Re: [css3-syntax] Added an "an+b parsing" section, please review from Tab Atkins Jr. on 2013-02-01 (www-style@w3.org from February 2013)

From: Tab Atkins Jr. <jackalmage@gmail.com>
Date: Fri, 1 Feb 2013 12:43:31 -0800
To: Simon Sapin <simon.sapin@kozea.fr>
Cc: www-style list <www-style@w3.org>
Message-ID: <CAAWBYDBbeVYeWkGM8ec8c5W+Ly=LJh8dEuxD+HLG=NRyYG6s=Q@mail.gmail.com>

On Thu, Jan 31, 2013 at 11:44 PM, Simon Sapin <simon.sapin@kozea.fr> wrote:
> Le 01/02/2013 03:30, Tab Atkins Jr. a écrit :
>> I added a small algorithm for parsing an+b values at
>> <http://dev.w3.org/csswg/css3-syntax/#parse-anb-notation>.  It's just
>> a "turn everything back into a string and reparse" algorithm.
>>
>> Does it look good?  Alternately, I could do it by looking at the
>> original tokens, it's just a bit messier that way.  There's 6
>> different ways a valid an+b can be tokenized, and one of them involves
>> a dimension token with a unit matching /n[+-]\d+/.
>
>
> It’s very good to have this in Syntax. Thanks!
>
> "Turn tokens back to a string and reparse" is not pretty, but as you say
> parsing from tokens is worse. And more likely to have some corner cases
> wrong.

Luckily the official grammar in Selectors, while wrong, is at least
very simple and limited.  I think I've got all the token-based parsing
cases mapped out.  But still, reparsing from a string is easier.

> Is the an+b notation used in anything other than :nth-child() and related
> Selectors?

So far, no.  But we might use it elsewhere in the future.

> The various algorithms in §6. Parser Entry Points are assumed to parse from
> text. But for Selectors at least, an+b is in the arguments of an
> already-tokenized function so the input is a list of component values, not
> text. Although that does not make much difference as all the relevant tokens
> are preserved.

I tried to wordsmith so that they all really just assume a list of
tokens.  If you have suggestions about how to phrase the intro better,
I'd appreciate it.

You're right that the an+b is likely already going to be done with a
list of component values, but as you point out, it doesn't matter for
the algorithm's purposes.  I think I might keep it somewhat vague
here, so that it's valid to invoke it either normally or with a normal
token stream.

> On to the algorithm itself:
>
> Dimension tokens should also append their unit to the string. The
> "representation" is only that of the numeric part.

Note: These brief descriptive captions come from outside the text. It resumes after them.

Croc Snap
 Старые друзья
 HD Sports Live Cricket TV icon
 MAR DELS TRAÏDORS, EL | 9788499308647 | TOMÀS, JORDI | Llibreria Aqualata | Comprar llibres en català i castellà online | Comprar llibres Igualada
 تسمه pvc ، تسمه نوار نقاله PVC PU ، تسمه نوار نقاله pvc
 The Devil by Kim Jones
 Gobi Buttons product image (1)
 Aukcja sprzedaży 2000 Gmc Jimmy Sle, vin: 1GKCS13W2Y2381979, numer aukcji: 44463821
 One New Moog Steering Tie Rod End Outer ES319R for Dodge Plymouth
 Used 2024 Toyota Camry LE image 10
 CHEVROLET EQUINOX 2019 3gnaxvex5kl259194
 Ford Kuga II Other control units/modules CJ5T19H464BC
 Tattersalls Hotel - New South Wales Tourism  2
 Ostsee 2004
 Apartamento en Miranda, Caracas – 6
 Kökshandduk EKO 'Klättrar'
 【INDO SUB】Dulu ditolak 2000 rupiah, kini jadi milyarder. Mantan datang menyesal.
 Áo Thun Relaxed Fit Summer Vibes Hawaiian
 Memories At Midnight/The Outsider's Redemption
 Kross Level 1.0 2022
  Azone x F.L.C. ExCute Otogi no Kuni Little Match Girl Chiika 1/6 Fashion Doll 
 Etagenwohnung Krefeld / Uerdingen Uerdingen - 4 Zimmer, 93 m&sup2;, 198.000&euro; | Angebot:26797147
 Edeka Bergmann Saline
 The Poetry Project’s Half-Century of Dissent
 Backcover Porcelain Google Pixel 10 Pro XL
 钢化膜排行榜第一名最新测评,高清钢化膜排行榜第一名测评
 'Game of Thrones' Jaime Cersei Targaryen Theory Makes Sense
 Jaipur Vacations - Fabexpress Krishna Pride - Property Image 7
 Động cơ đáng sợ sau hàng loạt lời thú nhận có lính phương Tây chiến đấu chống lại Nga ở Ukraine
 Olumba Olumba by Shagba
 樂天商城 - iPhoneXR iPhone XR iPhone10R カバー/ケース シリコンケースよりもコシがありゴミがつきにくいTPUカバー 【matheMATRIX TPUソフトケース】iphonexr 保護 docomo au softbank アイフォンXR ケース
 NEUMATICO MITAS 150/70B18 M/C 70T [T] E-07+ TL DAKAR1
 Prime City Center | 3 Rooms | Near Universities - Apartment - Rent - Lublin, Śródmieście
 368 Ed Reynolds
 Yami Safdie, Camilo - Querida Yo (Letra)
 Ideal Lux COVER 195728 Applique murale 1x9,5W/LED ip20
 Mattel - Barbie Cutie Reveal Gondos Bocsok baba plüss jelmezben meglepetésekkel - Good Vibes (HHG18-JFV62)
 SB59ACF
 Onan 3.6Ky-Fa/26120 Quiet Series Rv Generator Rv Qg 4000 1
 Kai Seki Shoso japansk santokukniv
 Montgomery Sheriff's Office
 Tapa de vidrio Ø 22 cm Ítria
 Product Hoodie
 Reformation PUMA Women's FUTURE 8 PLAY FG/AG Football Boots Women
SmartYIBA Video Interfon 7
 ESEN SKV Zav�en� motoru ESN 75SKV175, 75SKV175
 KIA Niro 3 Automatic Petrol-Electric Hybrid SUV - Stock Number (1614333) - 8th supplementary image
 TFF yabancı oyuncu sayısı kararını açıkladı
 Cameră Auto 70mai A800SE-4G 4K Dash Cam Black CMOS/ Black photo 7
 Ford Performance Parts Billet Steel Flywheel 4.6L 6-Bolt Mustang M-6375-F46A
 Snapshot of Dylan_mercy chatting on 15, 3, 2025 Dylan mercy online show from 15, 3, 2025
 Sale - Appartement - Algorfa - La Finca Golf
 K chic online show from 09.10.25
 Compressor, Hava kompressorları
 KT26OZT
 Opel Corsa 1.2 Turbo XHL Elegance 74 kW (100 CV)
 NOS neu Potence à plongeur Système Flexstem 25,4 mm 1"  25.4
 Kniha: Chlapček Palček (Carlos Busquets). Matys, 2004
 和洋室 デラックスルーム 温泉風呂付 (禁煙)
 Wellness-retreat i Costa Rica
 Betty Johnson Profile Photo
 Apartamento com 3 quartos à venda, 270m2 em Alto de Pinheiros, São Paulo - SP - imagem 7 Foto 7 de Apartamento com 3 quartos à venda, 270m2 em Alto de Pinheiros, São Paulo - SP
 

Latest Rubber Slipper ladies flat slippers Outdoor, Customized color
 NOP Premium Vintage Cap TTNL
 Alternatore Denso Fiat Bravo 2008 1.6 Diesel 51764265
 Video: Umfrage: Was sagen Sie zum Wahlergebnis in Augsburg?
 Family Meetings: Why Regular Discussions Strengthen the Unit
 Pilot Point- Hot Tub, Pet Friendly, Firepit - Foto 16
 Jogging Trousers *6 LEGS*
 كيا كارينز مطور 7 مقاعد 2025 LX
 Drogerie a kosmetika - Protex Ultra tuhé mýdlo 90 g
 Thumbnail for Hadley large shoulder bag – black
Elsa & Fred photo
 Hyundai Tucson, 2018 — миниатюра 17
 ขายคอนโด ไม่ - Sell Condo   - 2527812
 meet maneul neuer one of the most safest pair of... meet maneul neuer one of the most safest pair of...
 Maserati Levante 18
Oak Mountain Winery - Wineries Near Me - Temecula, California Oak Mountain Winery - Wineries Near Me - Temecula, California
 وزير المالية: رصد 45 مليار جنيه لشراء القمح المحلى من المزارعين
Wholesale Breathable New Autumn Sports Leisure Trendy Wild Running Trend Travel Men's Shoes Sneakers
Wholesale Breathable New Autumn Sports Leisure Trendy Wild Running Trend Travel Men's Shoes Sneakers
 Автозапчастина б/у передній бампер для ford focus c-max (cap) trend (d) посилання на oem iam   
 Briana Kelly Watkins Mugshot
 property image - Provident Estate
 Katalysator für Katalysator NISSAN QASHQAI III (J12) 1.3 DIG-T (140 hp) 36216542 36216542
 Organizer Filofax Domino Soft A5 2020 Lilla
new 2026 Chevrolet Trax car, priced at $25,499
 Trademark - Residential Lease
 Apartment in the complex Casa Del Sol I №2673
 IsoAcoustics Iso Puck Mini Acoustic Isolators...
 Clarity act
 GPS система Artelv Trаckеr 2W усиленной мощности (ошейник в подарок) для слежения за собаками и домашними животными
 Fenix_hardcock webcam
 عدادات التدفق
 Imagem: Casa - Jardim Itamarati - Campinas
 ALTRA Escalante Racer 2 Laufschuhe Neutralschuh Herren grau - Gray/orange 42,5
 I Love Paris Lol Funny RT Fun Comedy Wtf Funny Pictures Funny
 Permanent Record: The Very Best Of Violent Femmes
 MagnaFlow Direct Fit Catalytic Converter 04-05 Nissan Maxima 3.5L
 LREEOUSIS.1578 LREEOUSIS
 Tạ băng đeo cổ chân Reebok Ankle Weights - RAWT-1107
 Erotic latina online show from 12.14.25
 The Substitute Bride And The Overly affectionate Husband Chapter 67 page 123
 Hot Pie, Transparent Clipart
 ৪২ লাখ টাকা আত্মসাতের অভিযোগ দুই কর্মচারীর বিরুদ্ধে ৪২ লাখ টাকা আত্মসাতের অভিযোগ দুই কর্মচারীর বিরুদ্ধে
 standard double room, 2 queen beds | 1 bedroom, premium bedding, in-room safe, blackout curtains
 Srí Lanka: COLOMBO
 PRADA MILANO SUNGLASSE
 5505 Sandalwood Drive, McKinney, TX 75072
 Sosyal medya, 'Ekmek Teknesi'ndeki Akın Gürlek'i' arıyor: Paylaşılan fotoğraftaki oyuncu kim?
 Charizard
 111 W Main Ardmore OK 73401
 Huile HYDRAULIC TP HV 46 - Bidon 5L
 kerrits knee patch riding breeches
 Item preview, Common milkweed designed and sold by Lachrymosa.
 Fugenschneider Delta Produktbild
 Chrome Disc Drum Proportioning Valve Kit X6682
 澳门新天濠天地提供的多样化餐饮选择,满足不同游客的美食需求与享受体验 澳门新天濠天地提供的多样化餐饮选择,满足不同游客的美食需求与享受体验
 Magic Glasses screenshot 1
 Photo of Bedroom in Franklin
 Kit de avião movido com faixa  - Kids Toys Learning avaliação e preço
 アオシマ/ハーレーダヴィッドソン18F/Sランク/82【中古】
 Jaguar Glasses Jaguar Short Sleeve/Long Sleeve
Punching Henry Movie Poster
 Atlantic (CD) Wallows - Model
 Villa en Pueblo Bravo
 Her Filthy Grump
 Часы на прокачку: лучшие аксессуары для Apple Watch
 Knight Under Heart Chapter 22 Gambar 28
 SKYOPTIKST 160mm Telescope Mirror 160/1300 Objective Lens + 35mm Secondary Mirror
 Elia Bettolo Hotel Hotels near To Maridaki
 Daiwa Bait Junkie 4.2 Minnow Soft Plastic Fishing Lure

Ooh, thanks.  Fixed.  Also, idents have a value, not a representation.
 I should maybe fix these, as I've made this mistake before. :/

> All whitespace tokens are ignored. This is not the case in the "nth" grammar
> from Selectors 3. In particular, no whitespace is allowed between a and its
> sign, nor between a and n. (Whitespace *is* allowed around the +/- sign
> after n, and around the whole an+b sequence.)
>
> nth
>   : S* [ ['-'|'+']? INTEGER? {N} [ S* ['-'|'+'] S* INTEGER ]? |
>          ['-'|'+']? INTEGER | {O}{D}{D} | {E}{V}{E}{N} ] S*
>   ;

Damn, you're right.  Hmm.  I was *really* trying to avoid having to
deal with spaces between the signs and the numbers.  I suppose I can
do whitespace-stripping late, so I can check the step and fail it if
there is any trailing whitespace.  I'll look into how I want to do
this.

> For odd/even, the phrase used is "If repr contains an ASCII case-insensitive
> match for …" It should be "is" instead of "contains". :nth-child(Some
> oddities) should not match. ("Contains" is used that way later in the
> algorithm.)

Fixed, thanks.

~TJ

Received on Friday, 1 February 2013 20:44:17 UTC